The <- symbol assigns the data contained in the file to an object in the R environment.

You can have as many or as few objects as you need.

iris_data <- read_csv("iris.csv")

Rows: 150 Columns: 5
── Column specification ────────────────────────────────────────────────────────
Delimiter: ","
chr (1): Species
dbl (4): Sepal.Length, Sepal.Width, Petal.Length, Petal.Width

ℹ Use `spec()` to retrieve the full column specification for this data.
ℹ Specify the column types or set `show_col_types = FALSE` to quiet this message.

The messages are important. Check which variables have been assigned to which class

chr:
- Full Form: character
- Used for columns containing text data (strings).
dbl or num:
- Full Form: double/number
- Represents floating-point numbers (numeric values with decimal places).
- This is the most common numeric data type used in R for real numbers.
int:
- Full Form: integer
- Used for whole numbers.
lgl:
- Full Form: logical
- Used for boolean (TRUE/FALSE) values.
fct:
- Full Form: factor
- Used for categorical data (discrete values like categories, levels, or groups).
dttm:
- Full Form: date-time
- Represents date and time objects (POSIXct class) which include both date and time information.
date:
- Full Form: Date
- Used for date objects, containing only date information (year, month, day).
time:
- Full Form: time
- Used for time objects (sometimes seen when working with time series data, though less common than date or POSIXct).
lst:
- Full Form: list
- Represents a list column, which can hold any type of R object, including vectors, data frames, or even other lists.

1.4 Other types of files

If you’re just beginning, leave this section for later.
Often you’ll need to work with CSV, STATA, XLS, XLSX. This section shows you how to list, find the size, read and write data in other format.

# Load necessary libraries
library(readxl)   # For reading xls and xlsx files
library(haven)    # For reading Stata files

# List files in the directory recursively and show their sizes
file_info <- tibble(
  file_name = list.files("/data", full.names = TRUE, recursive = TRUE),
  file_size = file.info(list.files("p:/foo/bar bar", full.names = TRUE, recursive = TRUE))$size
)

# Display file information
print(file_info)

# Current working directory to save files
output_dir <- getwd()

# Read and save a CSV file
csv_data <- read_csv("p:/foo/bar bar/example.csv")
write_csv(csv_data, file.path(output_dir, "example_saved.csv"))

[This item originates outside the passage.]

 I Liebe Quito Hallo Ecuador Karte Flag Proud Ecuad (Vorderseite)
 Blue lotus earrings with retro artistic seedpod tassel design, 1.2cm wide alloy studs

# Read and save an XLS file
xls_data <- read_excel("p:/foo/bar bar/example.xls")
write_csv(xls_data, file.path(output_dir, "example_saved_from_xls.csv"))

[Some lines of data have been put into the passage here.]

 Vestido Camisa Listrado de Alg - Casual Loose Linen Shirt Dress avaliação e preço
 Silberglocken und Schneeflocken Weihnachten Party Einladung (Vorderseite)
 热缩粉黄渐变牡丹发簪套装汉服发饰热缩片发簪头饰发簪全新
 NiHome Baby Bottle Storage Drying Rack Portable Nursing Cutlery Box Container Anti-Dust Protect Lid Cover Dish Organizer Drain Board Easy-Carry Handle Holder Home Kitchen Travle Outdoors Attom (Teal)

# Read and save an XLSX file
xlsx_data <- read_excel("p:/foo/bar bar/example.xlsx")
write_csv(xlsx_data, file.path(output_dir, "example_saved_from_xlsx.csv"))

# Read and save a Stata file
dta_data <- read_dta("p:/foo/bar bar/example.dta")
write_csv(dta_data, file.path(output_dir, "example_saved_from_dta.csv"))

# Print a message confirming completion
message("Files listed, read, and saved in the current working directory: ", output_dir)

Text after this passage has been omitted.